### [WORK TASK]
Your copy should repeat each record exactly and contain none of the pictures.

Caption-style text data:

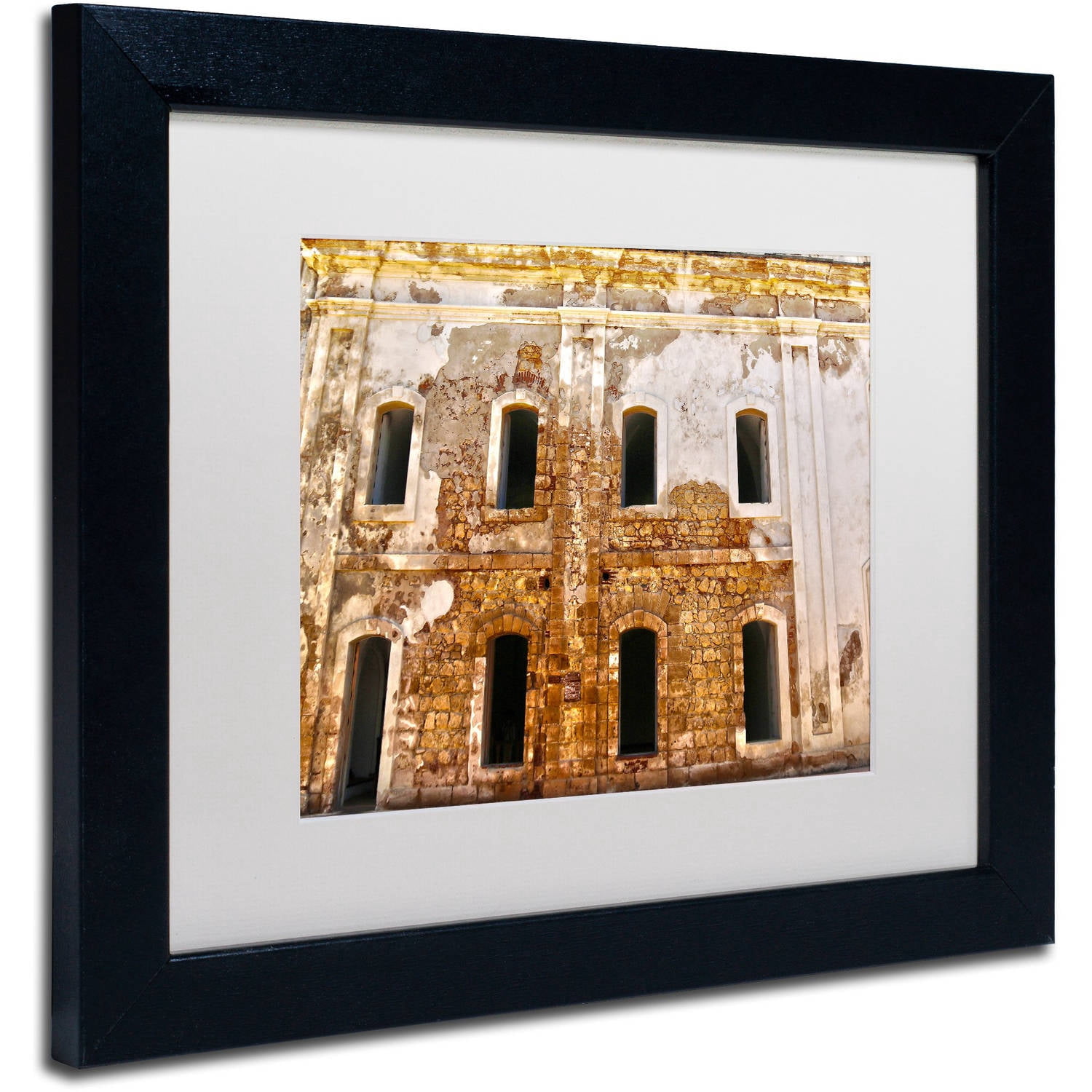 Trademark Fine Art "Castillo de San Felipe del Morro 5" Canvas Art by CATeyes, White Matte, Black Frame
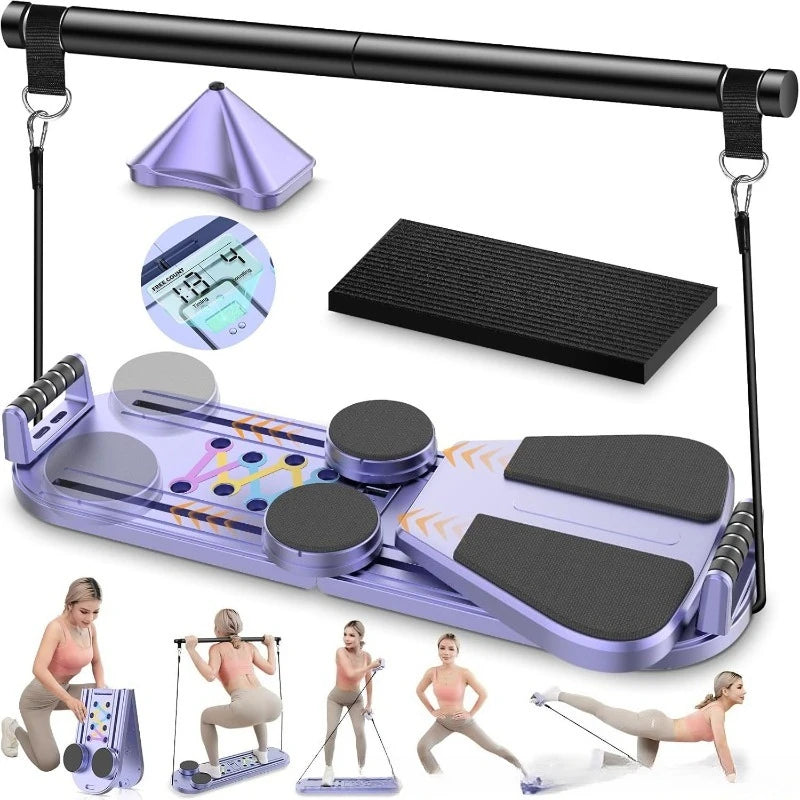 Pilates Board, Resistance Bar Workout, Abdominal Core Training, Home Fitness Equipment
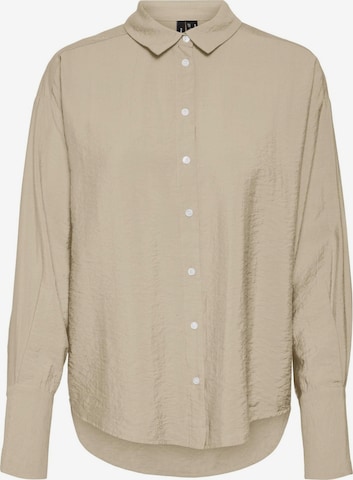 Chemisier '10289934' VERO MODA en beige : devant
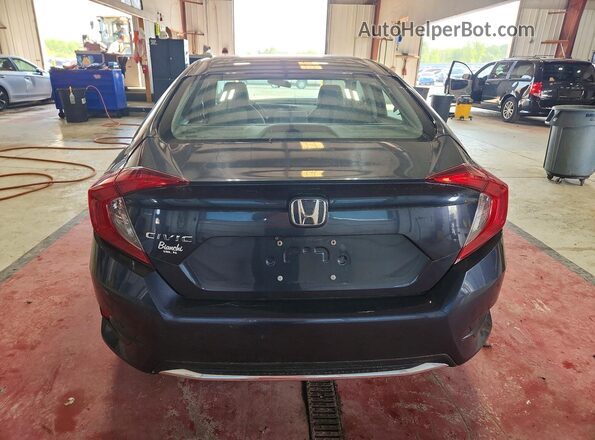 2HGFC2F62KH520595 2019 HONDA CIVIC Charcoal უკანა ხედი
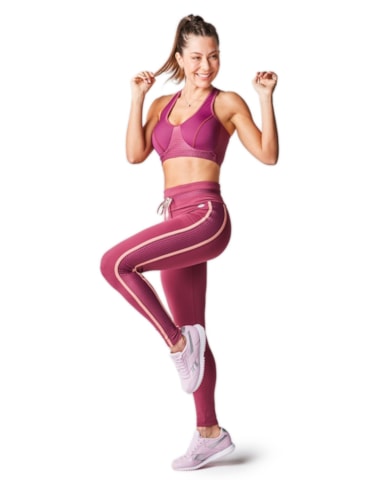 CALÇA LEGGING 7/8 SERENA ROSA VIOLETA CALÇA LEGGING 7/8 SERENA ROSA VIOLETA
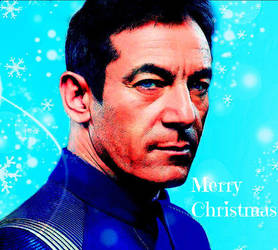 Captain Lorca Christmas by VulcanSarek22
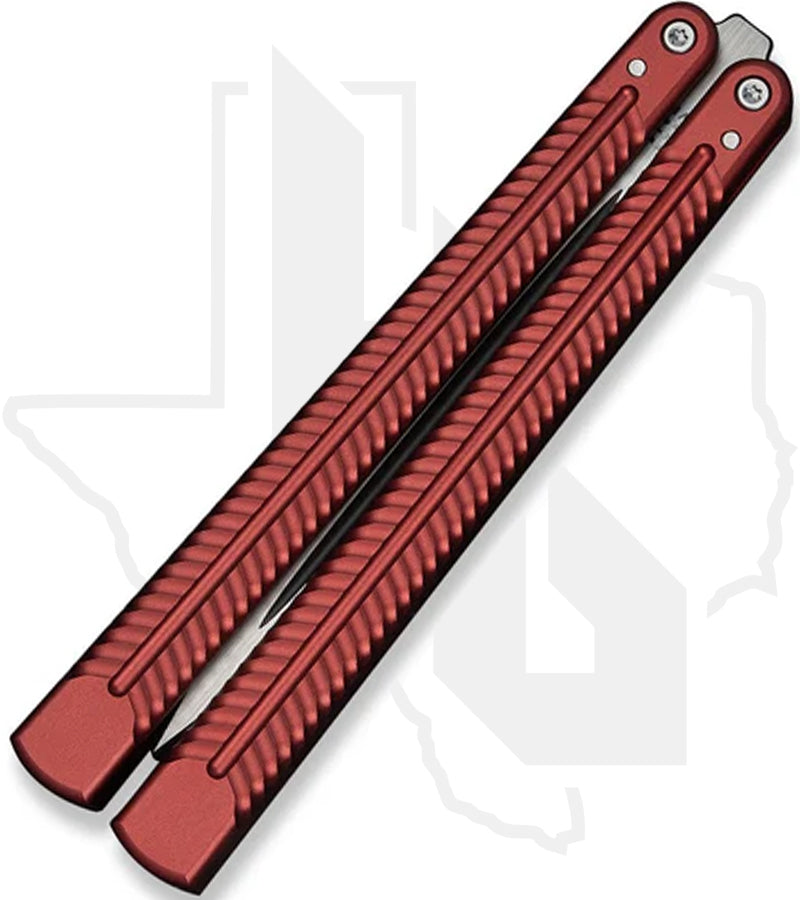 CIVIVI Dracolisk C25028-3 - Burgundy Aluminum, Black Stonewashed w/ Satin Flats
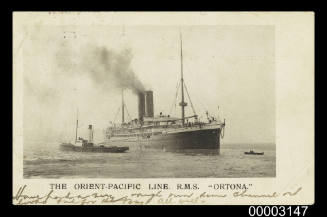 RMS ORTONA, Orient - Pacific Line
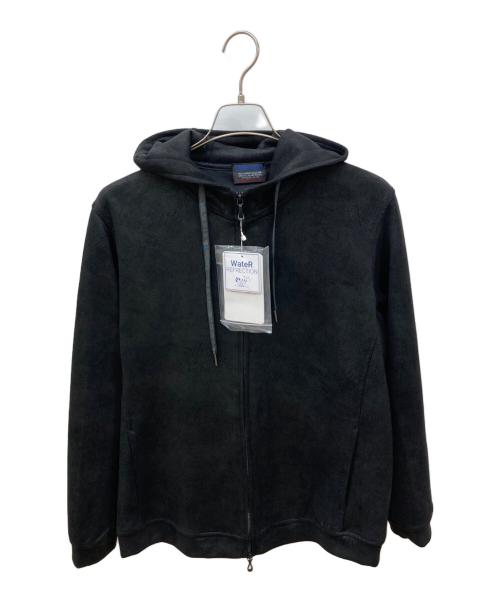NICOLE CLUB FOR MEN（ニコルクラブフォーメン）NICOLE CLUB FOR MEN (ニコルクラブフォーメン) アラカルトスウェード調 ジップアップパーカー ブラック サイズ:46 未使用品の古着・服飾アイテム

### [SOLUTION TO THE EXERCISE]
 Trademark Fine Art "Castillo de San Felipe del Morro 5" Canvas Art by CATeyes, White Matte, Black Frame
 Pilates Board, Resistance Bar Workout, Abdominal Core Training, Home Fitness Equipment
 Chemisier '10289934' VERO MODA en beige : devant
 2HGFC2F62KH520595 2019 HONDA CIVIC Charcoal უკანა ხედი
 CALÇA LEGGING 7/8 SERENA ROSA VIOLETA CALÇA LEGGING 7/8 SERENA ROSA VIOLETA
 Captain Lorca Christmas by VulcanSarek22
 CIVIVI Dracolisk C25028-3 - Burgundy Aluminum, Black Stonewashed w/ Satin Flats
 RMS ORTONA, Orient - Pacific Line
NICOLE CLUB FOR MEN（ニコルクラブフォーメン）NICOLE CLUB FOR MEN (ニコルクラブフォーメン) アラカルトスウェード調 ジップアップパーカー ブラック サイズ:46 未使用品の古着・服飾アイテム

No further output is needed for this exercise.